The Texas Tribune reports that a feud between HillCo Partners and Focused Advocacy, Austin-based lobby shops headed by former state legislators, has erupted into open war in the form of a lawsuit filed in the Travis County District Court.

Near the center of the controversy are lobby contracts with the cities of Burleson, Corpus Christi, Denton, Grand Prairie, Irving, and Sugar Land.

For a profession that generally shuns public scrutiny, veteran lobbyist, and former lawmaker, Babe Schwartz said such public disputes are unusual, particularly because lobbyists are “making excellent money for little work”.

Mr. Schwartz added that there may be some fallout from the litigation, specifically lobbyists and clients “may require more written contracts, they may be more specific, they may handle their responsibilities and financial matters” in a different way.

Taxpayers and open-government advocates could herald this result.

Particularly when many lobbyists are “getting paid handsomely” (a phrase used by Mr. Schwartz) to represent governmental entities, such as cities, counties, school districts, municipal utility districts (or MUDs), etc., yet there is little to show for their work. There’s typically not a written legislative agenda regarding specific legislation, and tax-funded lobbyists rarely testify before legislative committees.

Take Fred Hill, for example, he’s a former legislator that now represents governmental entities as a lobbyist. During the 2009 legislative session, Mr. Hill appears to have been paid by at least eight North Texas cities, yet never once testified at a public committee hearing.

So what was he doing?

Because so much lobbying is done in a seemingly secretive, near clandestine, manner, the public cannot determine if their money is being well spent. Further, it’s not always clear if the tax-funded lobbyist is protecting or hindering taxpayers’ interests, or if they are actually doing anything to earn their keep.

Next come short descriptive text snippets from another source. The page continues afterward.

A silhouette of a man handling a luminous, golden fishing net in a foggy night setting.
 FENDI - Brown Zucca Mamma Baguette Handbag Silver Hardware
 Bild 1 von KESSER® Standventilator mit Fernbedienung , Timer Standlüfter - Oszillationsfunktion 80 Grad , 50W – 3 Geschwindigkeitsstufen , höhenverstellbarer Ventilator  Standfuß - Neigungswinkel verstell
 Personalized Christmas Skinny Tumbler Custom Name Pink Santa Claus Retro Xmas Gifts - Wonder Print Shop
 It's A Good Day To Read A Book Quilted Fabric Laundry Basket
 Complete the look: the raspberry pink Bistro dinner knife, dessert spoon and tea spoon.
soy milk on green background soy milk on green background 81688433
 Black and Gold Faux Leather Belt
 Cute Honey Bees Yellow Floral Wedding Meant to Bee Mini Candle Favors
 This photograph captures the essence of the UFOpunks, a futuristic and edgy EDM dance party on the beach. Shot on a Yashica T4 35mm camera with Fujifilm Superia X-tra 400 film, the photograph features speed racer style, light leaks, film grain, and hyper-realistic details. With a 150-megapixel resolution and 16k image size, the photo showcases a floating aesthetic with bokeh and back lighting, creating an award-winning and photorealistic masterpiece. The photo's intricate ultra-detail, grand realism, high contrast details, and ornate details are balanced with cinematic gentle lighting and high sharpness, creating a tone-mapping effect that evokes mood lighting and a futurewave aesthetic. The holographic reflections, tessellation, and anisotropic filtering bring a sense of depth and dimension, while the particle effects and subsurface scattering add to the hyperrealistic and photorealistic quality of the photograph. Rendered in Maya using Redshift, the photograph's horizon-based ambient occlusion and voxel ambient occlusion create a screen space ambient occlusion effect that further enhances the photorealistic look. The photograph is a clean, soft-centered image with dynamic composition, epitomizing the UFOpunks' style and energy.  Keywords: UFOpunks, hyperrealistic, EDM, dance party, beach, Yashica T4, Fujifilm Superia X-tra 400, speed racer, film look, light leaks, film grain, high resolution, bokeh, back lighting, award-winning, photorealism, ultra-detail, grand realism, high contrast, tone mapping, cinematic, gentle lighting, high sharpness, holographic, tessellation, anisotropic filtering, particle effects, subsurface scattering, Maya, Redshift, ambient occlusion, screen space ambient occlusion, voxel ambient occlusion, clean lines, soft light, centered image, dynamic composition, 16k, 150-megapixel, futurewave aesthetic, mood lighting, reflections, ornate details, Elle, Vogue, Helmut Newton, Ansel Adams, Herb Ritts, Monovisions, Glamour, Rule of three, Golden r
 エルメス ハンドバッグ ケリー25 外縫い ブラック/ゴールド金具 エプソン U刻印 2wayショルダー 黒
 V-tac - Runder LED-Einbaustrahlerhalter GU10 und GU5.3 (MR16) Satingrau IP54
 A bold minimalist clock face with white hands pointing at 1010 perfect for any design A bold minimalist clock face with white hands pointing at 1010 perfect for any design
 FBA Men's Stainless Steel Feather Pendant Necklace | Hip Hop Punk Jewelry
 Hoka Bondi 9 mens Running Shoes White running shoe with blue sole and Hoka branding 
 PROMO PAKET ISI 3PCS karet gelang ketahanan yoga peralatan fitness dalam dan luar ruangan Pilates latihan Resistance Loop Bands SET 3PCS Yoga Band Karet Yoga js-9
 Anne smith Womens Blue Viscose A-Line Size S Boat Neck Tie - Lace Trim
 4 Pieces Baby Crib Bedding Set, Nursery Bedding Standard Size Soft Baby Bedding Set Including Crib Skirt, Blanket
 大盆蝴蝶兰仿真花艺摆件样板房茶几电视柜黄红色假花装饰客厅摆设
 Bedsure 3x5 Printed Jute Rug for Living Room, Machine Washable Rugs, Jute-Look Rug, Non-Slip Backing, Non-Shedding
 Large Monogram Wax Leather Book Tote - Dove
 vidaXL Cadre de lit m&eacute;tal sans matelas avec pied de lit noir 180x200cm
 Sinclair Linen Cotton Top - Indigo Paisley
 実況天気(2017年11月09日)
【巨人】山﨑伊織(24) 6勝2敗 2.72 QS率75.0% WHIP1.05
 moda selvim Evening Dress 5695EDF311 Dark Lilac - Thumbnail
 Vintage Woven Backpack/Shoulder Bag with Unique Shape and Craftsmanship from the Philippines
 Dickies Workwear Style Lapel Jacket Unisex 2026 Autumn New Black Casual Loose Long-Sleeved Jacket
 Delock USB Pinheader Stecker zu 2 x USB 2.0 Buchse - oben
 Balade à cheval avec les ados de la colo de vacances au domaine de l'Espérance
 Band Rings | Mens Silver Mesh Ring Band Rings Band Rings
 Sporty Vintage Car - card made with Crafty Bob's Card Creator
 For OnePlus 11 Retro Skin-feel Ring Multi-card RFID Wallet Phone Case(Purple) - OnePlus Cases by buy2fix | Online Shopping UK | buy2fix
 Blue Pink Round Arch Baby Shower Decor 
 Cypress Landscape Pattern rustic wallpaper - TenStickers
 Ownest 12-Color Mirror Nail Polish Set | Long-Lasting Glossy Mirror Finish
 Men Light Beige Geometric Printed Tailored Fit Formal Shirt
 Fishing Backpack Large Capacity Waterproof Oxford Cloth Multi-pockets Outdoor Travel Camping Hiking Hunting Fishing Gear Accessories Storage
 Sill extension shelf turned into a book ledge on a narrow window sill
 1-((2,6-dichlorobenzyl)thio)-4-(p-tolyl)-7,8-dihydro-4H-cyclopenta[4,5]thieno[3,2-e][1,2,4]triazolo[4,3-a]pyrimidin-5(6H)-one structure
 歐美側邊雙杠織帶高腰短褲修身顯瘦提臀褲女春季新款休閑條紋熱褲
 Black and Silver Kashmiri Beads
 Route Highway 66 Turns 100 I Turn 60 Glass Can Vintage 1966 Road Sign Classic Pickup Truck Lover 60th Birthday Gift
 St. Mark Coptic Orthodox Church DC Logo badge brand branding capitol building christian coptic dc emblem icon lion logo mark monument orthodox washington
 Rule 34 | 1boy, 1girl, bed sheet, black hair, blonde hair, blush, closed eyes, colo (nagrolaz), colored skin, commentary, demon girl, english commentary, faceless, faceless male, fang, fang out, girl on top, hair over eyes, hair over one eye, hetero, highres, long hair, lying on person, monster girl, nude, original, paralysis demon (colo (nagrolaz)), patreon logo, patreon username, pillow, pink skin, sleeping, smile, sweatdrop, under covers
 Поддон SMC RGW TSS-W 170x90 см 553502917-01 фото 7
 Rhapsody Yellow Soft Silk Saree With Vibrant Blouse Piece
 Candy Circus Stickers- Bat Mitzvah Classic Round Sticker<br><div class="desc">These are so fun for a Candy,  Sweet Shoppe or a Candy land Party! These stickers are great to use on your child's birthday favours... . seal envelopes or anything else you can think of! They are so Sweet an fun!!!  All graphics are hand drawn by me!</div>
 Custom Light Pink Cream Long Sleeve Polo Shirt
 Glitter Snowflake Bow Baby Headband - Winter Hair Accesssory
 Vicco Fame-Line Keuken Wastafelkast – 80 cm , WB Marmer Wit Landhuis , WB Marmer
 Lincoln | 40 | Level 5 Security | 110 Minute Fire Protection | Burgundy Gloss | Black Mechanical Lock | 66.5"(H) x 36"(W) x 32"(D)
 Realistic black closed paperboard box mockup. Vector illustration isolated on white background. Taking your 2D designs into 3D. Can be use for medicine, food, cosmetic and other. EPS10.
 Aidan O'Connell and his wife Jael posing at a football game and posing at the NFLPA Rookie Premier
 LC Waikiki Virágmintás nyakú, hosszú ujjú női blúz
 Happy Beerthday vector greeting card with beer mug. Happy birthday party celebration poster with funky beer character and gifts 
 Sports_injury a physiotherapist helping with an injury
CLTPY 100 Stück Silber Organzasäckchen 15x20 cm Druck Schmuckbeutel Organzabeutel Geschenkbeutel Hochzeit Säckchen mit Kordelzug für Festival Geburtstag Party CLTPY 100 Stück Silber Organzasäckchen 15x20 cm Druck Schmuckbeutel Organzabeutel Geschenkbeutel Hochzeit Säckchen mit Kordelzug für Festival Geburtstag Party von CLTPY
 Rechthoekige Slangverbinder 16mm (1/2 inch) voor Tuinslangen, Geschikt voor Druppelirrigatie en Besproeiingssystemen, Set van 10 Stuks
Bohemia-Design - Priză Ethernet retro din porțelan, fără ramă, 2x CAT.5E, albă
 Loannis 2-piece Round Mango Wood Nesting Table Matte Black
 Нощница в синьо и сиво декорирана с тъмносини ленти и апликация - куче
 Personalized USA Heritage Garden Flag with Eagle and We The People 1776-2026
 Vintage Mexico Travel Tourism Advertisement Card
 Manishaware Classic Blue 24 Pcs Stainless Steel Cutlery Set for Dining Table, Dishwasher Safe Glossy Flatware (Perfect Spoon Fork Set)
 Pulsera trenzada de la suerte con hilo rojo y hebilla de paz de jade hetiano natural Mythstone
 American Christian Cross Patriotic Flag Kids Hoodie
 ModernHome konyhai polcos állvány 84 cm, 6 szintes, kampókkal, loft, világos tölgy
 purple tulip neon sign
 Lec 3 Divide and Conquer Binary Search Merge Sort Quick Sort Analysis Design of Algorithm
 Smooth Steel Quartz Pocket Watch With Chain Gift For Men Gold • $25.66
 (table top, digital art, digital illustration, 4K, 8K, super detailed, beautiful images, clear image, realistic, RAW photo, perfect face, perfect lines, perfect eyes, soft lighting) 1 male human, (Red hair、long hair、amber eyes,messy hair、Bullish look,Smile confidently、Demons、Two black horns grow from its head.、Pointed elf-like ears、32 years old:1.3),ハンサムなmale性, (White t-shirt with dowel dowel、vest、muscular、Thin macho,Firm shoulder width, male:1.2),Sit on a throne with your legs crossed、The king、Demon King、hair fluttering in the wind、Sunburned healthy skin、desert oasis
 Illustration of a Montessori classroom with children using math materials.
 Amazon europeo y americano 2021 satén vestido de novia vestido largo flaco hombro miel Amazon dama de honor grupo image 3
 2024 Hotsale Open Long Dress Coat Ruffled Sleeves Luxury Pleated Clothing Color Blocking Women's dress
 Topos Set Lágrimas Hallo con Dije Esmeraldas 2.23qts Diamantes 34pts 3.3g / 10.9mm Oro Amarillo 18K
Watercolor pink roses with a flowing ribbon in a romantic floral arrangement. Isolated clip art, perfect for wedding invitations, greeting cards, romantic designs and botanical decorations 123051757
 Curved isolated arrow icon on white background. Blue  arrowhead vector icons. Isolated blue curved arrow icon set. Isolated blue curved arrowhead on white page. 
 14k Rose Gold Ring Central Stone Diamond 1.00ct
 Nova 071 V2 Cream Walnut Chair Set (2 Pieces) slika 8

Now some governmental bodies do issue a public agenda, but then try to hide interactions with their lobbyists. Is this out of fear that the public might find out that the tax-funded lobbyist is not pushing the “public” agenda, and is perhaps pursuing an alternative course on the entity’s behalf?

An unnamed lobbyist didn’t attempt to dispell the fact that there is public concern, and admitted that their profession “isn’t looked on really favorably.” They then went on to add, “Any type of spotlight on our industry probably is not good.”

The spotlight of public scrutiny may not be good for lobby business, but that’s exactly why the public and taxpayers should demand it.